_DATA FOR THIS EXERCISE_
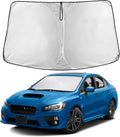 EcoNour Windshield Sun Shade Compatible for Subaru Impreza WRX 2017–2023 | Custom Fit Sedan Front Window Sunshade | Foldable UV & Heat Reflective Sun Visor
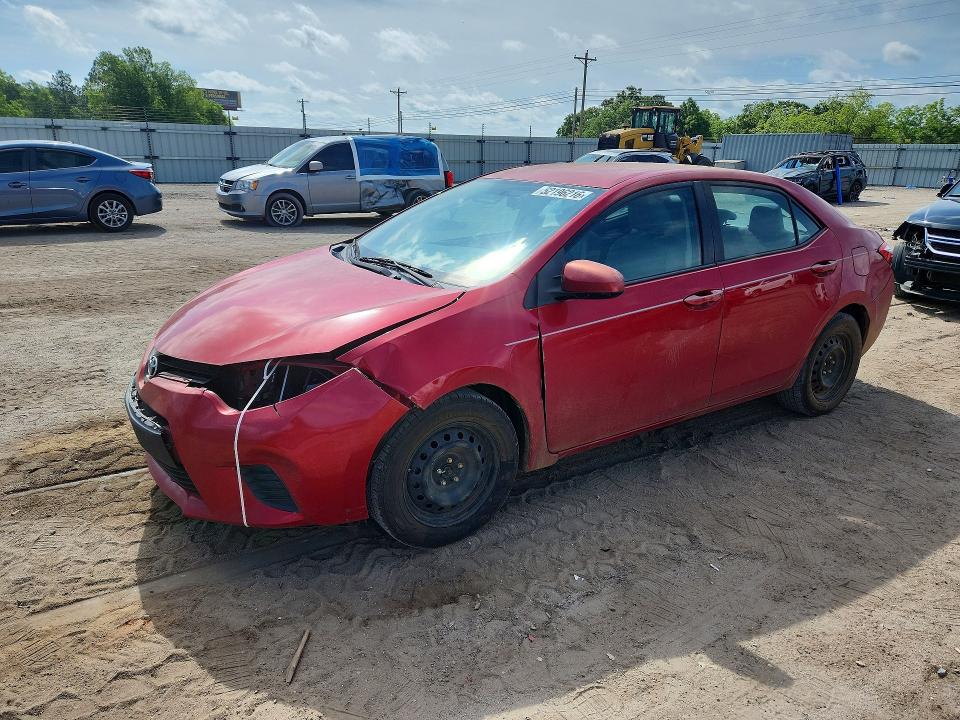 2014 Toyota Corolla VIN 2T1BURHE0EC221886 COPART salvage auction — FRONT END, Al - Cert Of Title-Salvage Title, sold $1,500 on 2026-07-02 (photo 1)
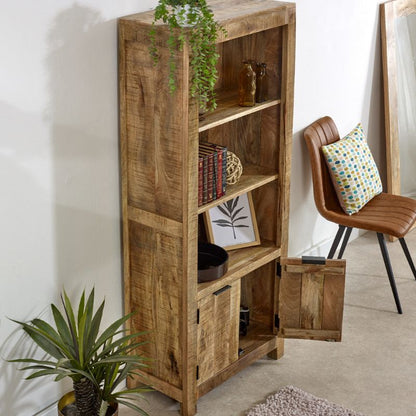 Indian Hub Surrey Solid Wood Bookcase with Doors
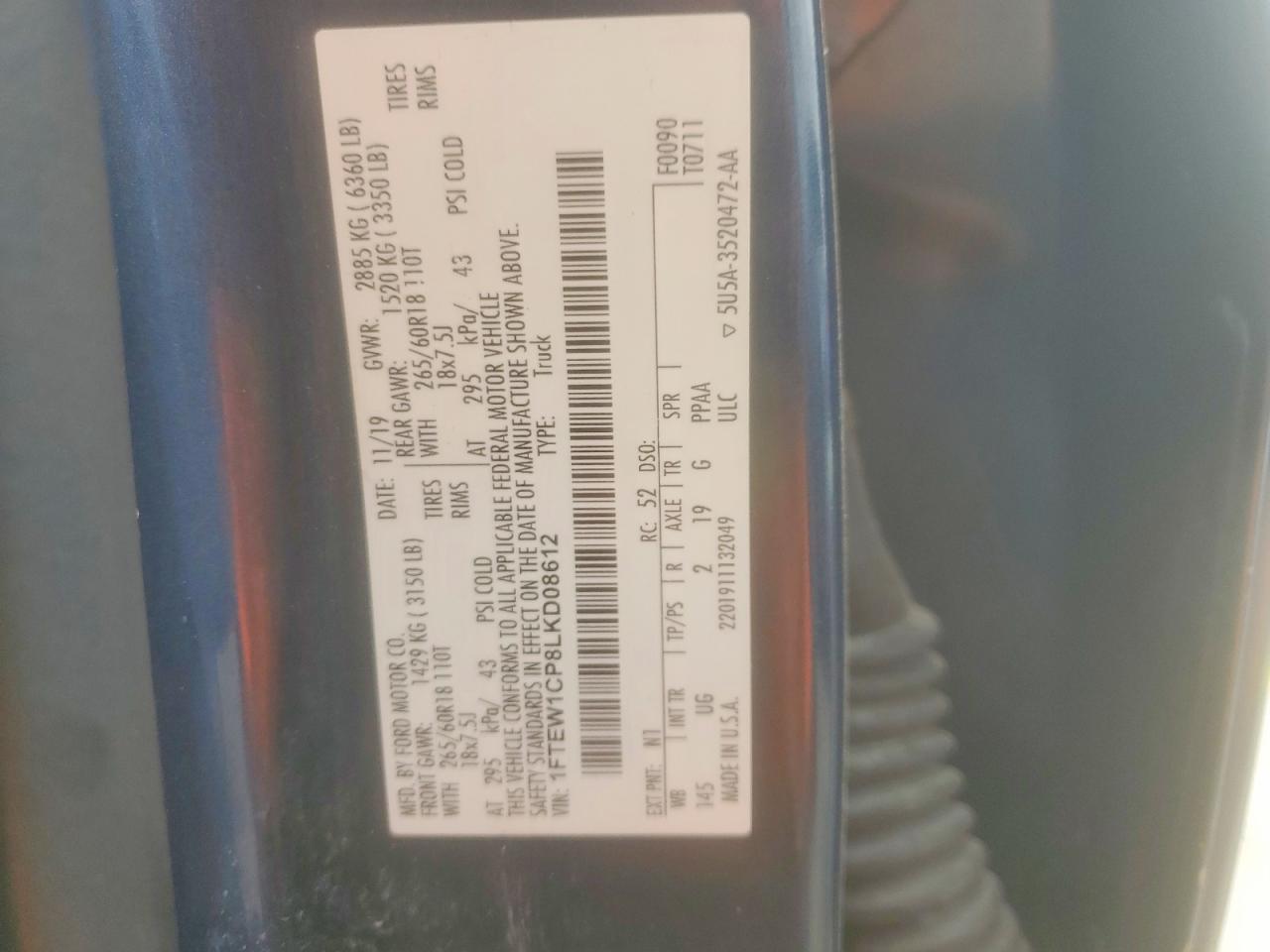 2020 Ford F150 Supercrew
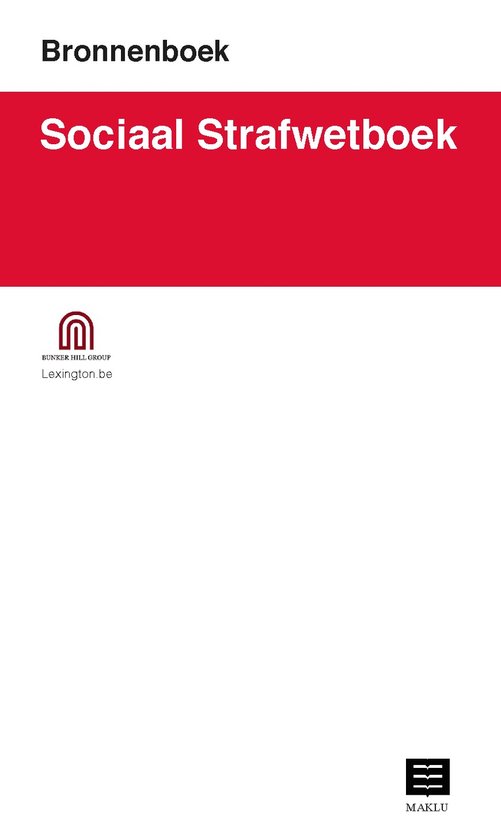 Sociaal Strafwetboek (Bronnenboek) - cover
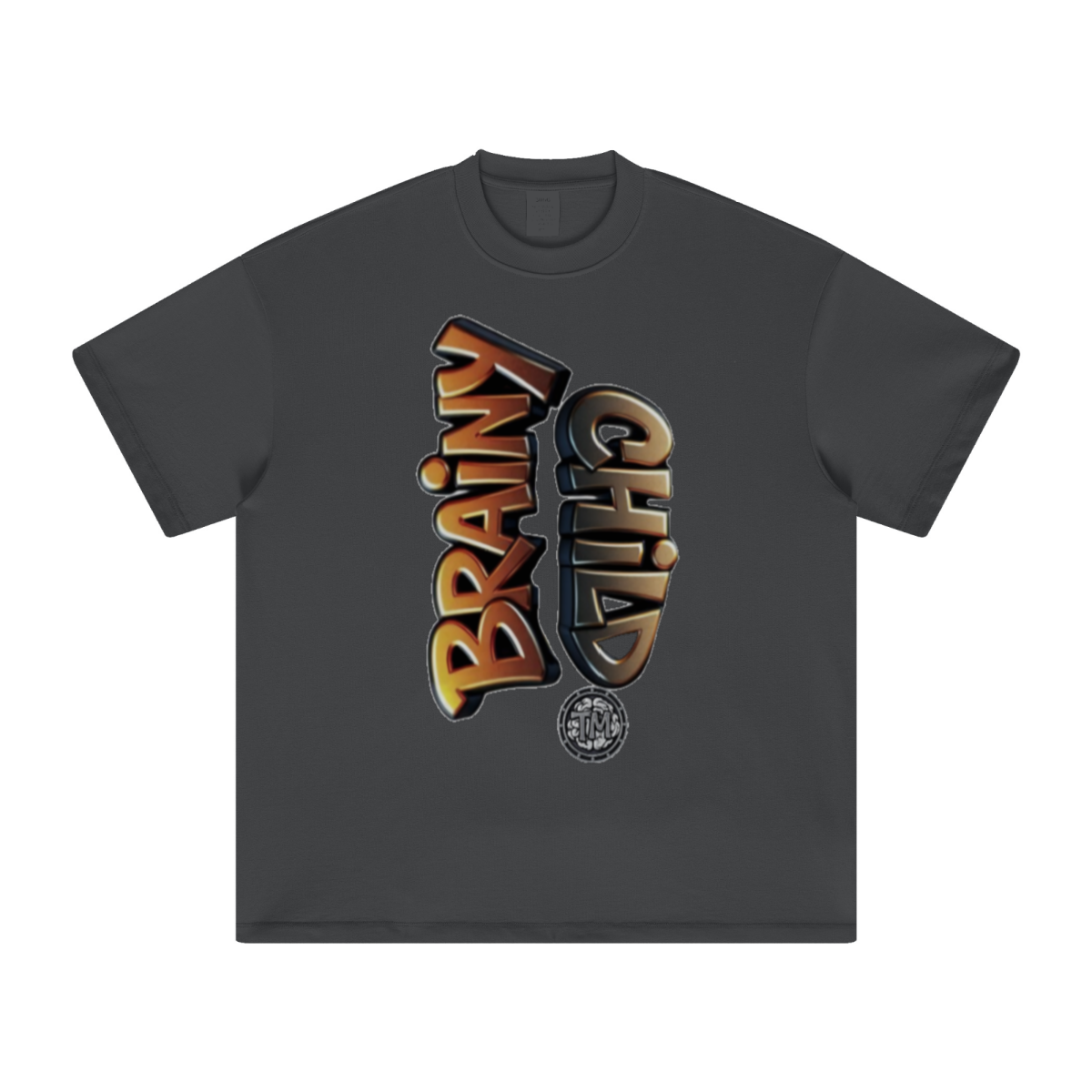 305GSM Unisex FOG Earth-Tone 20-Color Drop-Shoulder T-shirt Dark gray
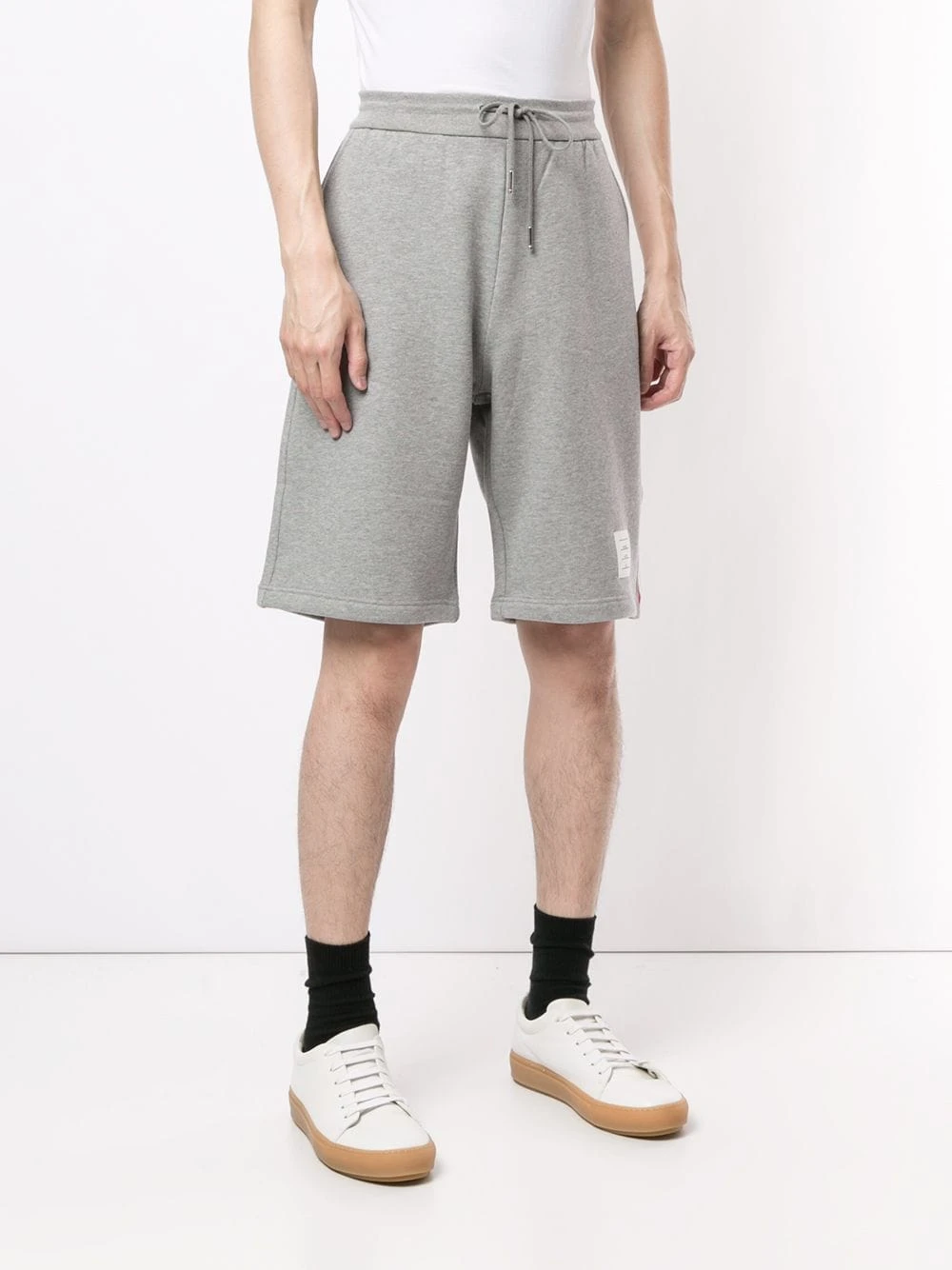 Brand new ⌛ Thom Browne Signature Stripe track shorts track & running shorts of men ✔️ 3 Thom Browne Signature Stripe track shorts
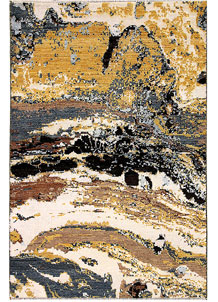 Multi Colored Abstract 4' 2 x 6' 3 - No. 65212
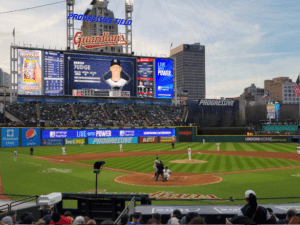 The Yankees are playing the Guardians at Progressive Field on April 10, 2023.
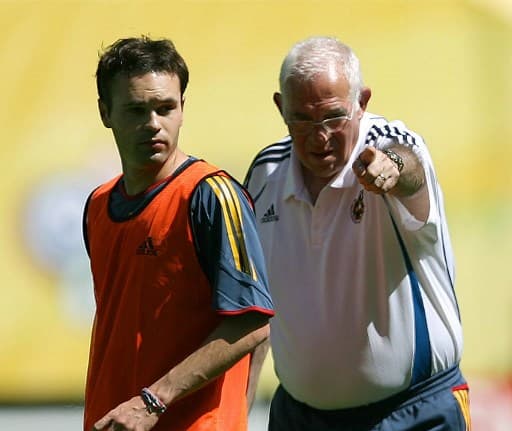 Andrés Iniesta e Luis Aragonés - 2006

_WORK TASK_
From the top of the listing above, repeat each line exactly until you reach the line containing "Multi Colored Abstract", and repeat that one too. Leave the pictures out.

_RESULT OF THIS TASK_
 EcoNour Windshield Sun Shade Compatible for Subaru Impreza WRX 2017–2023 | Custom Fit Sedan Front Window Sunshade | Foldable UV & Heat Reflective Sun Visor
 2014 Toyota Corolla VIN 2T1BURHE0EC221886 COPART salvage auction — FRONT END, Al - Cert Of Title-Salvage Title, sold $1,500 on 2026-07-02 (photo 1)
 Indian Hub Surrey Solid Wood Bookcase with Doors
 2020 Ford F150 Supercrew
 Sociaal Strafwetboek (Bronnenboek) - cover
 305GSM Unisex FOG Earth-Tone 20-Color Drop-Shoulder T-shirt Dark gray
 Brand new ⌛ Thom Browne Signature Stripe track shorts track & running shorts of men ✔️ 3 Thom Browne Signature Stripe track shorts
 Multi Colored Abstract 4' 2 x 6' 3 - No. 65212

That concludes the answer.